In a 24-week study,33 256 patients with type 2 diabetes who had a mean body mass index of 33 kg/m2 and who were taking more than 30 units of insulin daily (an average of 82 units) were randomized to additionally receive either vildagliptin 50 mg twice daily or placebo. The HbA1c decreased by 0.5% with vildagliptin and by 0.2% with placebo, from a baseline level of 8.5%. Of interest, 33 patients receiving vildagliptin had a hypo-glycemic episode (a total of 113 events), compared with 45 patients in the placebo group (185 events). None of the episodes in the vildagliptin group was classified as severe, whereas six episodes in the placebo group were classified as severe. This suggests that adding vildagliptin in patients taking insulin can improve glycemia without causing excessive hypoglycemia.
A weakness of the design of this study is that it did not include patients who were receiving an insulin sensitizer, an approach that is typically taken. Given this, it is understandable that overall glycemic control was relatively poor. More effort is needed to explore the use of gliptins with insulin.
WHAT ROLE FOR GLIPTINS?
The evidence from the studies reviewed in this article suggests that gliptins can play an important role in the treatment of type 2 diabetes. In certain patient groups such as the elderly, who cannot take either metformin or a thiazolidinedione and in whom concerns about hypoglycemia are greatest, thus precluding sulfonylurea therapy, gliptins may be the agents of choice. The trials reviewed here suggest that gliptins have glucose-lowering efficacy similar to that of these classes of agents. Gliptins are also effective when combined with metformin or a thiazolidinedione and, as discussed above, may prove to be useful in combination with insulin.

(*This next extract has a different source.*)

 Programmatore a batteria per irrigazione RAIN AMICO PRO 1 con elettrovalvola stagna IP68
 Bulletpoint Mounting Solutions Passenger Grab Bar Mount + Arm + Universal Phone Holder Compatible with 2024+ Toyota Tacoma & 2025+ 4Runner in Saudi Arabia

The eventual role of gliptins in the treatment of type 2 diabetes will depend on the answers to several questions. For example, do they preserve beta cell function and reverse the progression of diabetes? Do they affect insulin resistance? Do they have cardiovascular benefits beyond glucose-lowering? Also, since DPP-4 is widely distributed in the body, and since we do not yet know the effects of all the proteins cleaved by this enzyme, will this affect the long-term safety of these drugs?
For now, we can state with reasonable certainty that gliptins lower blood sugar levels to a degree similar to that of other oral hypo-glycemic therapies, with minimal risk of hypo-glycemia, with few immediate adverse effects, and without requiring dose titration. These characteristics suggest that gliptins should be considered useful agents in monotherapy and combination therapy for the treatment of type 2 diabetes.